Pewnego razu przekopywałam stare dokumenty rodzinne. Nasza nauczycielka od historii kazała nam stworzyć drzewo genealogiczne, więc musiałam znaleźć informacje o moich prapradziadkach i praprababciach. Nie było ani taty, ani Igi, więc szukałam po omacku. W trakcie przeszukiwania natknęłam się na teczkę z napisem: sprawa rozwodowa. Zacząłem czytać i... moje wyobrażenia zniknęły jak bańka mydlana.

Odkryłam prawdziwą twarz mojej mamy. Okazało się, że nie była wierna tacie, miała problem z alkoholem i nie interesowała się mną. Pewnego dnia zniknęła, zabierając ze sobą wszystko, co miało jakąkolwiek wartość oraz oszczędności. Zostawiła tylko notatkę, że wyjeżdża za granicę. Nikt jej więcej nie zobaczył.

Mój świat się zawalił. Kobieta, którą tak bardzo kochałam, była tylko iluzją, produktem mojej wyobraźni. "Moment, ale kto w takim razie pisał te listy?" – zaczęłam się zastanawiać. I nagle wszystko stało się jasne. Iga! To ona wysyłała te listy do swojej siostry w Australii, która potem odsyłała je do mnie. Stąd "mama" wiedziała o wszystkim, co mnie gnębiło, dlatego potrafiła mi tak dobrze doradzić...

Spędziłam dużo czasu, siedząc na posadzce

Tym razem nie myślałam o tej, która dała mi życie, tylko o tej, która tak bardzo pragnęła być dla mnie matką. Ale nie dałam jej tej szansy.

Tata i Iga wrócili do domu parę godzin później. Czekałam na nich w kuchni.

– Odnalazłam dokumenty rozwodowe. Wiem o wszystkim – oznajmiłam.

Spojrzeli na mnie ze strachem.

– Planowałem wszystko ci powiedzieć, już dawno temu. Ale ty tak mocno wierzyłaś w bajki babuni. Ona do końca życia wyczekiwała powrotu twojej mamy. Nie wiedziałem, co mam zrobić – zaczął tata.

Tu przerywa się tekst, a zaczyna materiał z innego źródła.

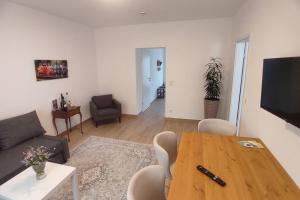 a living room with a wooden table and a couch at Storchennest - Ferienwohnung am Storchenradweg in Ketzür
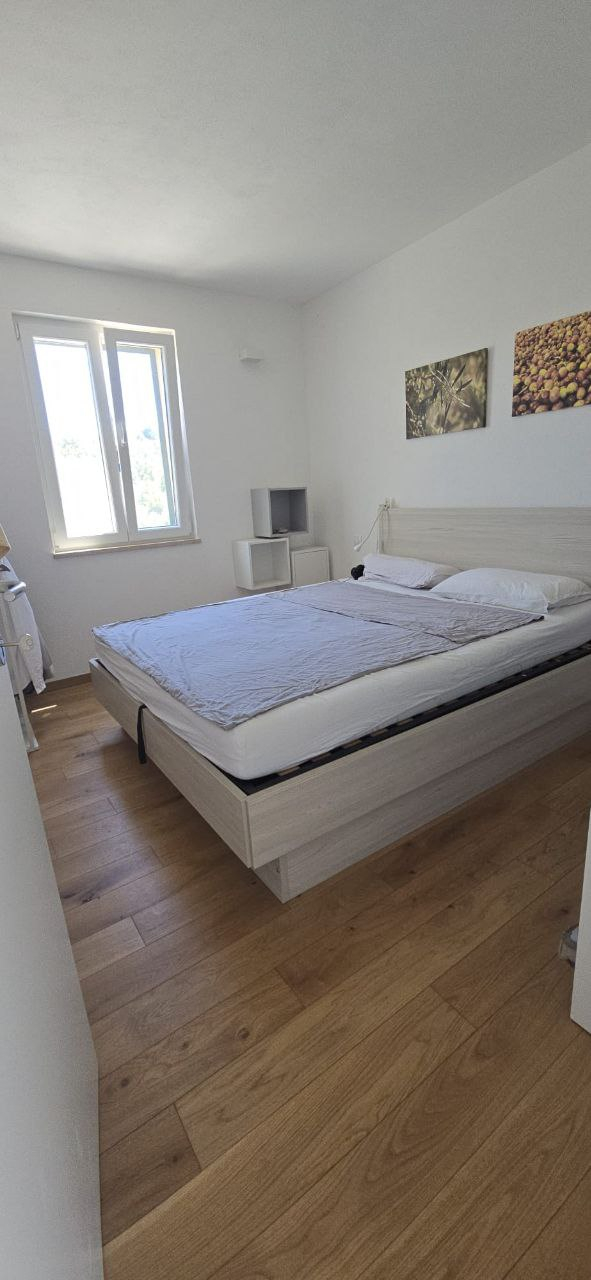 1st bedroom. Double size bed, wardrobe is around the corner, not in the picture.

– A jeśli chodzi o wszystkie te listy... – zaczęła Iga. – Wiem, że to było nie fair, tata tego nie chciał. Przepraszam. Nie powinnam była cię okłamywać... Ale tak bardzo chciałam, żebyś była szczęśliwa.

– Nie okłamałaś mnie! Przecież te listy naprawdę pisała... moja mama. Dziękuję... – powiedziałam i po raz pierwszy ją przytuliłam.